PART 1
Chapter 10
(continued)
"Yes, I shall certainly go," replied Levin; "though I fancied the
princess was not very warm in her invitation."
"What nonsense! That's her manner.... Come, boy, the soup!....
That's her manner--grande dame," said Stepan Arkadyevitch. "I'm
coming, too, but I have to go to the Countess Bonina's rehearsal.
Come, isn't it true that you're a savage?

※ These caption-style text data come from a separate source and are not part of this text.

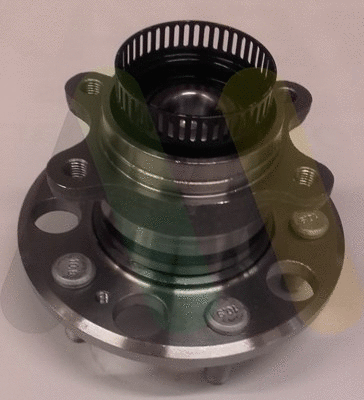 Wheel Bearing Kit (LVBW1573)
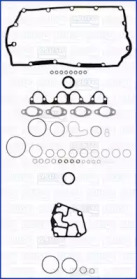 Set garnituri de motor complet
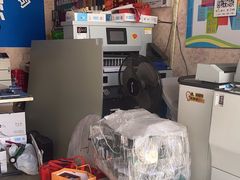 -达兴图文广告数码快印连锁(三林店)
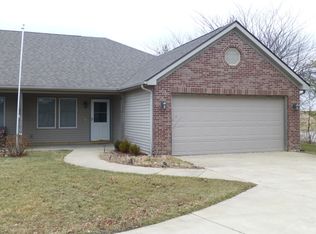 24 Tuscany Ct, Lafayette, IN 47905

How do you explain the
sudden way in which you vanished from Moscow? The Shtcherbatskys
were continually asking me about you, as though I ought to know.
The only thing I know is that you always do what no one else
does."
"Yes," said Levin, slowly and with emotion, "you're right. I am
a savage. Only, my savageness is not in having gone away, but in
coming now. Now I have come..."
"Oh, what a lucky fellow you are!" broke in Stepan Arkadyevitch,
looking into Levin's eyes.
"Why?"
"I know a gallant steed by tokens sure, And by his eyes I know a
youth in love," declaimed Stepan Arkadyevitch. "Everything is
before you."
"Why, is it over for you already?"
"No; not over exactly, but the future is yours, and the present
is mine, and the present--well, it's not all that it might be."
"How so?"
"Oh, things go wrong. But I don't want to talk of myself, and
besides I can't explain it all," said Stepan Arkadyevitch.
"Well, why have you come to Moscow, then?.... Hi! take away!" he
called to the Tatar.
"You guess?" responded Levin, his eyes like deep wells of light
fixed on Stepan Arkadyevitch.
"I guess, but I can't be the first to talk about it. You can see
by that whether I guess right or wrong," said Stepan
Arkadyevitch, gazing at Levin with a subtle smile.